In March Westinghouse signed an agreement to supply VVER-440 fuel assemblies from next year for the Dukovany NPP in the Czech Republic, although as yet the fuel is still in the design stage. Finland sourced fuel from Westinghouse (then part of BNFL) for its two VVER-440 units at Loviisa from 2001 to 2007, after which it switched to Russian TVEL fuel. Westinghouse then shut down its manufacture of VVER-440 fuel and is now in the process of redesign in collaboration with Enusa. A production line for the new fuel at Enusa’s Juzbado factory is now expected to be licensed this year, allowing fuel deliveries early in 2024.

The APIS project target included:

  • Developing safe fuel designs for VVER-440 plants for delivery in 2023;
  • Developing improved VVER-440 fuel designs, with improved fuel economics for operation and suitability for all EU and Ukraine plants, for delivery in 2024;
  • Developing a next generation improved VVER-1000 for delivery by in 2025
  • Evaluating design improvements in terms of ADOPT pellets and oxide coating for introduction by 2025;
  • Initiating development of the next generation VVER-440 fuel designs for delivery from 2027;
  • A harmonised approach for VVER fuel licensing;
  • Developing manufacture and/or supply chain re-instatement for VVER-440 fuel.

More generally, the APIS project is structured into 11 work-packages with different focuses, including: completion of the VVER-440 fuel design for short term delivery; development of improved and advanced VVER-440 and VVER-1000 fuel designs; standardisation of the fuel licensing; complete the re-instatement of fuel manufacturing capabilities; improved modelling and methods; analysis of fuel related plant lifetime extension; communication and project management.

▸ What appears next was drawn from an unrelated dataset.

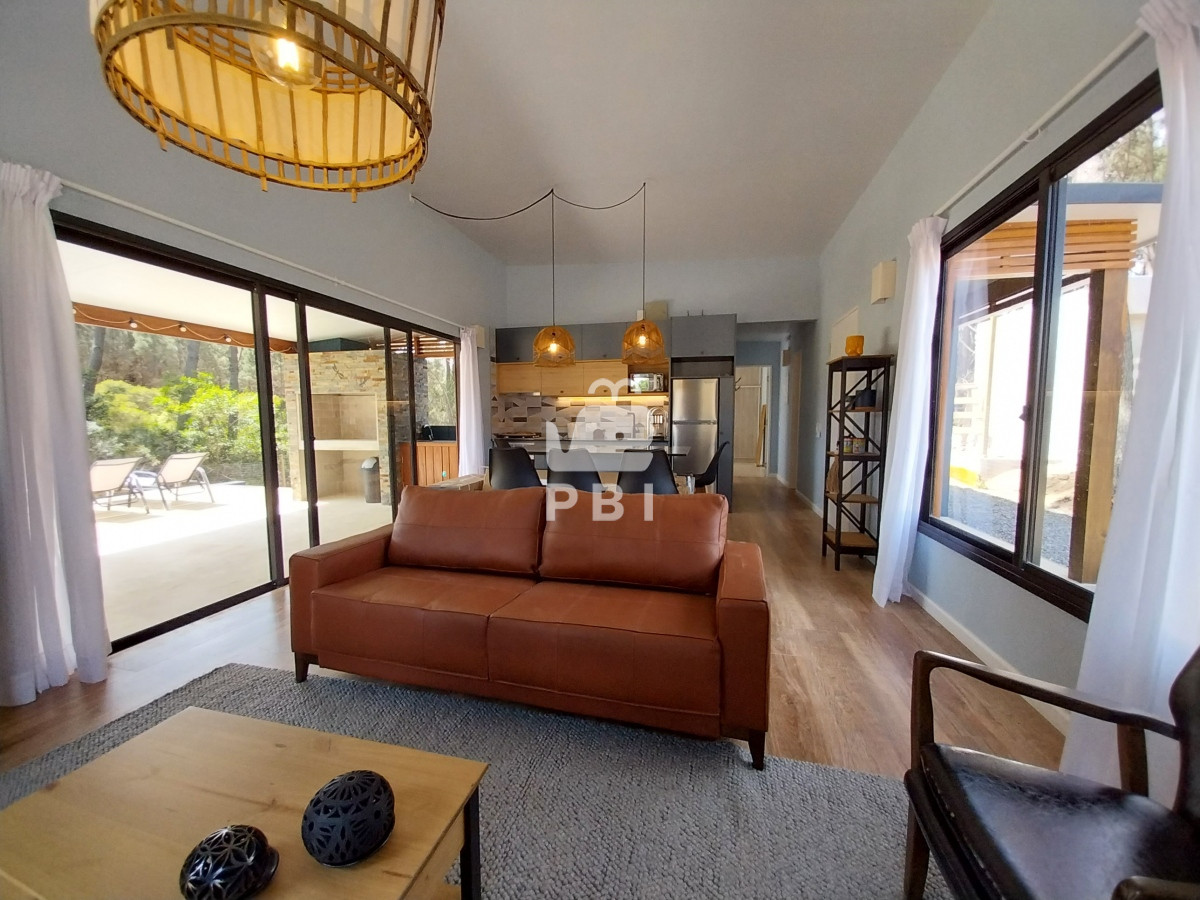 Chihuahua - GoPunta - Portal Inmobiliario de Punta del Este - Maldonado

The objective of the APIS programme is to create security of supply of nuclear fuel for Russian designed pressurised water reactors (VVER) operating in the EU and Ukraine. According to the APIS website: “Due to the situation in Ukraine and the fast transition from Russian to Western fuel design, work must be accelerated to be able to handle the situation that has arisen. The western design of fuel is hence introduced stepwise: emergent VVER-440 fuel designs for European energy security for delivery to Ukrainian power plant in year 2023, followed by a fuel design with improved economics for operation in all European plants without restrictions, and lastly next generation of fuel design.”

The expected result of the Apis project is:

  • VVER reactors in the EU and Ukraine operating with non-Russian supplied nuclear fuel;
  • Energy security for the affected countries;
  • Adoption of the harmonised licensing approach;
  • Increased knowledge and expertise to support the VVER operators in the EU and Ukraine;
  • A strengthened energy supply in Europe supported by the EU funding;
  • Increased expertise/skills development and employment opportunities; and
  • Assurance of the fiduciary responsibility of the EC for its planned investment resulting in energy security for the affected countries.